Il est situé sur le tracé de la future voie ferrée qui acheminerait les déchets radioactifs vers le terminal de Saudron, le bâtiment de conditionnement des déchets en surface, avant la descenderie vers le stockage.
Ce lieu stratégique est donc menacé d’expulsion. Malgré de solides arguments juridiques développés par les propriétaires, le recours déposé vient d’être débouté : la gare est expulsable dès aujourd’hui, 23 mars 2026. La SCI propriétaire de La Gare et l’Assoce Tomate, sa gérante, se réservent la possibilité de faire appel de cette décision qui, nous l’espérons, ne sera pas appliquée dans la précipitation et dans la violence.
Les signes inquiétants d’un dossier expédié à grande vitesse
L’instruction de la demande d’autorisation de création (DAC) de Cigéo devait durer 5 ans, un minimum vu l’ampleur démesurée du projet. Le gouvernement a tout mis tout en œuvre pour la ramener à... 3 ans. Résultat : l’ASNR, en charge de la surveillance et de la protection des populations en matière de risque nucléaire a rendu un bilan "à la normande". Tout va bien, cette brave Andra a fait le taf... même si de nombreux volets restent incomplets, en matière de sûreté notamment. L’ASNR exige de l’agence des démonstrations majeures à apporter, avec un calendrier flou et totalement incohérent. En effet, le décret d’autorisation de création autorisant les premiers travaux est annoncé pour fin 2026, sur fond de doutes technologiques et financiers majeurs.
Une future enquête publique avancée et bâclée ?
L’enquête publique, dernier portique avant le début de la destruction de notre territoire devait être organisée à l’automne. Le préfet de la Meuse la joue rendez-vous éclair, l’annonçant pour mai/juin. Deux pauvres petits mois coincés entre installation des nouvelles municipalités et communautés de communes et trêve estivale, pour un chantier d’envergure internationale.
Mais de quoi ont-ils peur ?
Une telle précipitation masque des enjeux phénoménaux :
- Cigéo est le sésame indispensable pour affirmer que les déchets nucléaires les plus dangereux seraient enfouissables et gérables. Ce qui est faux ! En toile de fond, le projet délirant du gouvernement actuel qui relance un nouveau programme électronucléaire.
- Cigéo n’est pas une option responsable, en aucun cas une solution. Clamer que la radioactivité restera bien sagement au fond du trou à Bure est une énorme supercherie.
Chantier pluriséculaire à gérer et à financer ; risques d’explosion, d’incendie, de contamination de la ressource en eau, de dégradation des matériaux, risques pour les personnels travaillant sur le chantier, etc ; ou encore impossible transmission de la mémoire de cette "bombe atomique" enfouie... ces tares sont parfaitement identifiées. Quelle civilisation aurait osé léguer un tel "boulet" à ses descendants ?
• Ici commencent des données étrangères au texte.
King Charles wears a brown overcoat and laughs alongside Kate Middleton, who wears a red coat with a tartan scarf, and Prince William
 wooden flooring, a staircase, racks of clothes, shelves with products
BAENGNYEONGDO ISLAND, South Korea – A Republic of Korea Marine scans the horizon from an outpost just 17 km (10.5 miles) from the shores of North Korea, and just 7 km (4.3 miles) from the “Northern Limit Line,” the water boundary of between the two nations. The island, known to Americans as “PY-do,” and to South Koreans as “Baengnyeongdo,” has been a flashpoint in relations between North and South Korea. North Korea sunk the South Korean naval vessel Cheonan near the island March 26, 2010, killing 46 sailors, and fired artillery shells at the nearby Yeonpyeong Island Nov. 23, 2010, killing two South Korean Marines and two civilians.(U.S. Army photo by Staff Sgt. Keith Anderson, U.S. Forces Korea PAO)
Et pourtant les acteurs de ce projet, des industries aux politiciens au plus haut sommet de l’État, tentent tout pour les enfouir au plus vite. Un futur décret d’autorisation de Cigéo, fin 2026, serait d’une inconscience rare.
Pour autant la lutte continue, les lieux et les énergies ne manquent pas. La lucidité d’une partie d’une jeunesse non plus, qui place ailleurs que dans le profit immédiat et destructeur les perspectives d’avenir pour la vie sur notre planète.